Why commissioners opposed the general‑plan amendment: Commissioners who voted to deny cited several recurring concerns:
- Compatibility with the Old Agora overlay and the city’s general‑plan objectives (commissioners repeatedly cited LU 12, LU 4.11 and LU 30), arguing the Old Agora overlay was intended to preserve a compact, locally serving commercial corridor rather than institutional or quasi‑residential campus uses.
- Neighborhood character and scale: multiple commissioners and public commenters described the proposed massing and story‑pole visuals as large and potentially overbearing for the location.

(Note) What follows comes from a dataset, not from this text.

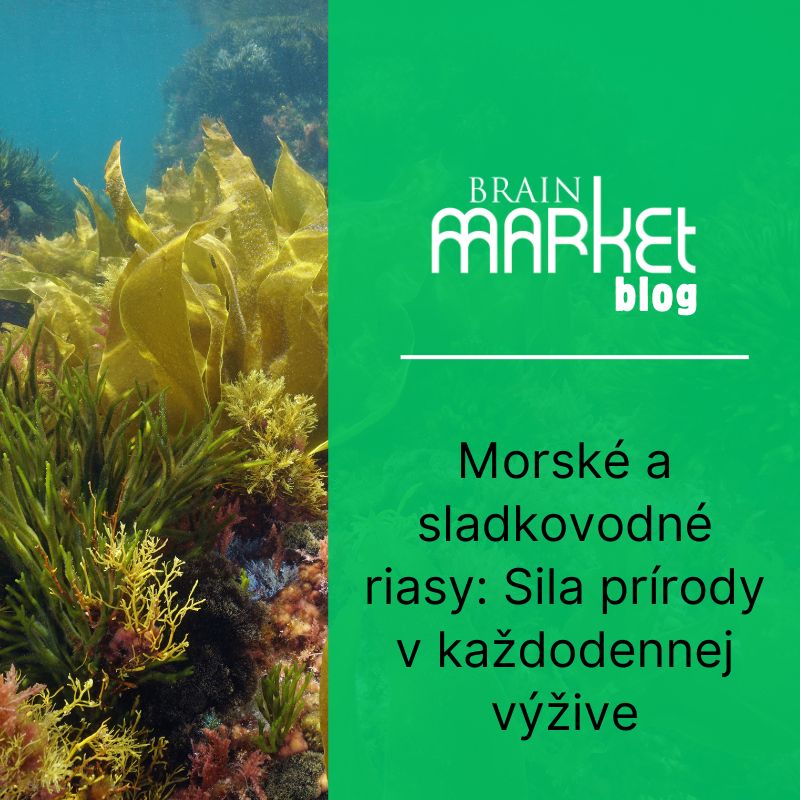 Morské a sladkovodné riasy: Sila prírody v každodennej výžive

- Public‑safety and evacuation risks: neighbors and some commissioners raised wildfire evacuation and egress concerns at the nearby Chesebro/Palo Camacho freeway ramps and local streets; residents and speakers said adding a 76-resident facility plus staff and visitor vehicles could create gridlock during an emergency.
- Parking and service‑level questions: staff’s code-based parking analysis required 15 stalls (1 per 5 beds); the project proposes 27 stalls — more than code minimum but residents and one commissioner said that still might be inadequate for staff shifts and visitor demand. Traffic engineering testified projected trip generation is low (approximately five AM peak trips, 14 PM peak trips) based on Institute of Transportation Engineers (ITE) rates for similar facilities; commissioners pressed whether employees’ shift patterns, deliveries and emergency trips were fully captured.
- Affordability and community need: at least one physician who spoke during the hearing questioned whether market-rate memory‑care beds at this scale would be affordable or serve local low‑income seniors; staff responded that the units generally would not count toward Agoura Hills’ RHNA affordable‑housing totals.
Applicant and operator position: Owner‑developer Bryce Bridal said the project team had conducted market research and outreach, had met twice with the Old Agora Homeowners Association (which provided a 2021 letter of support) and had spoken with several operators who expressed interest. Bridal and project representatives said operator plans and state licensing would address staffing ratios, security fencing and evacuation procedures; they also said that operators routinely prepare the detailed emergency and operations plans required for state approval.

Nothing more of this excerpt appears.